Composable is not only a technology firm but also an outcome-driven partner for our clients. Our approach revolves around leveraging our deep technical expertise and adopting a robust systems engineering mindset to assist our clients in tackling complex technical projects and developing efficient operational systems.
Software engineers and data scientists at Composable are dedicated to providing exceptional service to our clients. Recently, our data scientists and I had the opportunity to be fully embedded with our client, working in their office, and working alongside their analaytics team analyzing a complex dataset. While I won’t disclose specific details about the client or their industry, I’d like to share some insights about this unique data science endeavor and how it set itself apart from other projects we’ve undertaken.
As is usual in machine learning projects, we started out with a great deal of data coming from the “business side” of the company and we needed to produce a model that could help explain that data. The first step was simply getting the data into a format where we could easily access / transform it. In this case we started with a pretty clean dataset – about 12000 XMLs, each XML containing most of the readily available data about a given sample (some additional information about each sample could possibly be brought in later). Importantly, each XML had a relatively clean target variable attached.
Unusually, the target variable in this case, while it is the thing we are trying to model, is not, say, a thing in the world which someone measured (pressure at depth X, the number of fishes in the sea, number of stars of a movie on IMDB, etc.) – here, the target is the result of a previous “model” run on data similar to that contained within the XMLs.

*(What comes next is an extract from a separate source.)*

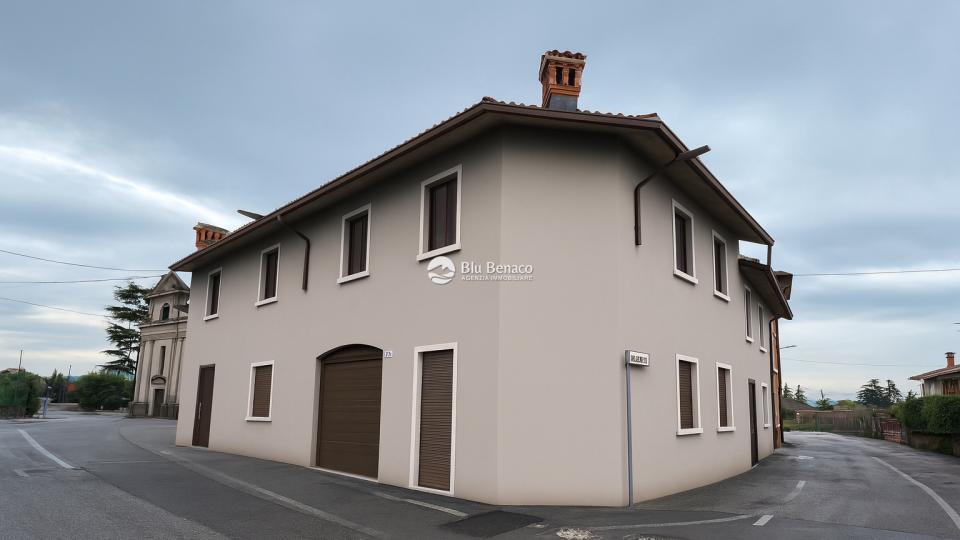 Muscoline, villetta a schiera con box auto e giardino 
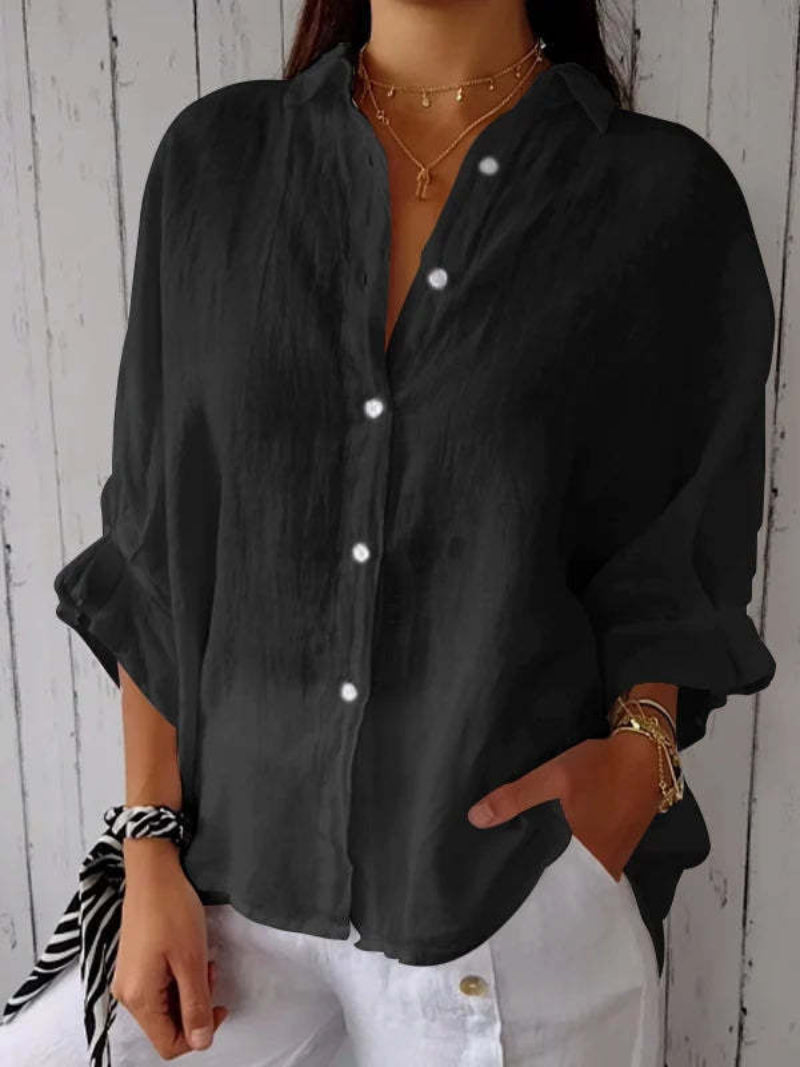 Rückenansicht der eleganten Damen Oversize Bluse von Lois Amsterdam mit großem Schleifen-Detail.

We are modeling a “model.” I keep putting the previous model in scare-quotes because it is not a model which can easily be replicated in an automated, machine learning environment, but rather a complicated series of rules and intuitions which individual people use to look at data similar to that in the XMLs, and from which those individual people generate a 1 or a 0, a yes or a no.

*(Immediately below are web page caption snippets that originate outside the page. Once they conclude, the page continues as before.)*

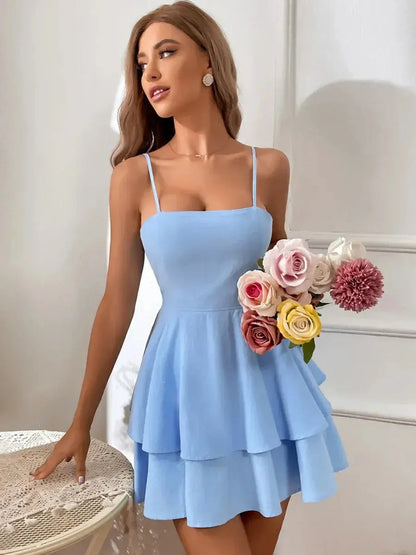 Model showcasing the Sky Petal Mini Dress in light blue, featuring a tiered skirt and holding a bouquet of flowers.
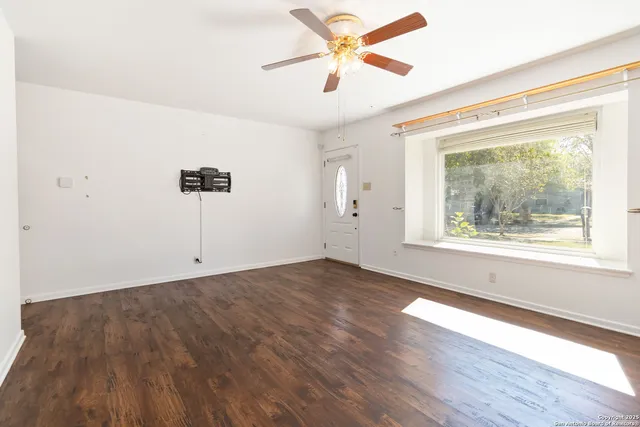 a view of an empty room with a window and wooden floor
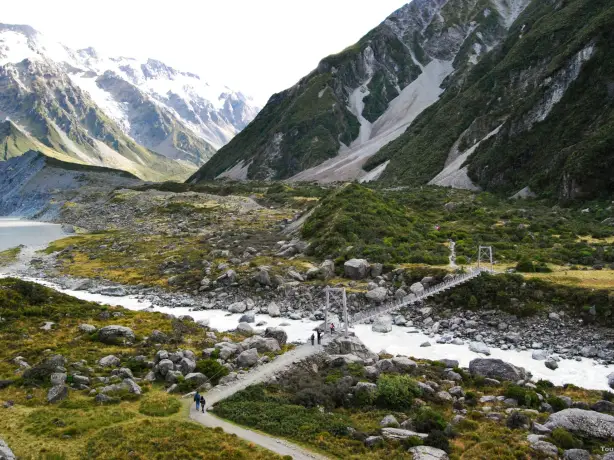 Brücke geht über Gebirgsfluss, schneebedeckte Berge im Hintergrund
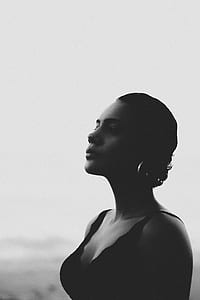 side-view photo of woman wearing sleeveless top thumbnail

To take it back a step, this is a very clear case of supervised learning – we know perfectly the thing we’re trying to predict, the target variable, we just don’t know how we might predict it. What is odd (and I can’t go into more detail because of NDA) is that the thing we are predicting is itself a prediction, subject to its own biases, variance, etc. On the other hand, having a target of any kind is a big step in the right direction, and it’s far from being the case in all projects. My academic background is in the biological sciences, and I have many times been in the position of looking at a dataset, not having a clue what I’m supposed to be looking at, and knowing that there is no person on Earth who has more than a vague idea what I might want to look for there. Knowing what to score for is half the battle.
The XMLs themselves are essentially handmade summaries of enormous PDF documents (these can be 100-1000 pages long), and these documents are what people were previously looking at to decide the target variable. Part of the summarizing process involves the introduction of new information, buried in the XML hierarchy itself; because the people making these XML summaries have expertise in the subject area, the XML structure itself turns out to be extremely important in our modeling process.
Sample Ingestion Form Element
The generated backed was a SQL Server database structure that exactly represented the XML structure, one table per XML field. A variety of primary and foreign keys were automatically generated by Forms and could be used for keying back and forth between these tables / fields; other lookup keys were subsequently added to the tables to permit direct indexing into each table on a per-sample basis. Forms automatically generated a basic web interface for accessing and manipulating these data, but Composable’s Ryan O’Shea subsequently built a more sophisticated interface on top of the generated backend using various tools from our low-code web development systems (QueryViews, DataFlows, Interfaces), providing overall statistics and various additional interactive elements (slicing of the data, capacity for adding comments, etc.).
After the data ingestion, I and others spent much of two months poring over these XMLs, generating additional tables with features that might be used to reproduce the human predictions. Recently we’ve finished building a model which does reproduce those predictions with something like 85% accuracy overall, with especially good accuracy on the unambiguous cases scored the highest or lowest in our model (we expect that the 30-40% most ambiguous of the cases will not be decidable by our algorithm).
For reasons of transparency for the business users who will have to look at the model afterwards, we use a simple logistic regression model — we don’t, in any event, find that gradient boost methods or neural nets etc. afford any significant accuracy boost. Logistic regression models can, of course, be trained on features that were generated in an arbitrarily complex fashion.
We find something surprising, which is that by far the most informative features use simple first-order correlations or related approaches to guess the target variable based on simple textual analysis schemes. More sophisticated techniques that were employed to generate specific variables, based on the actual rules that people use to determine these cases, pale in comparison with the power of the statistical techniques. While this is perhaps reminiscent of the experience of engineers involved in e.g. language translation, it still caught most of us here by surprise. The difficulty in our project is not in comprehending the rules that humans use in making these decisions, as perhaps in a translation task, but actually in the feature extraction at a low level.
When we run out of ideas for modeling – which is more or less the current situation – we can, nevertheless, always go back to the set of rules which informed the original “model” to try to find additional features. We expect that attempting to codify these will be a multi-month process yielding substantial (5%? 10%?) improvements.
That’s all for this post, but this work has generally gotten me thinking about how one moves from raw data to an explanatory model – what are the steps that one goes through? Can these steps be generalized? I hope to go more into detail on this subject in later posts.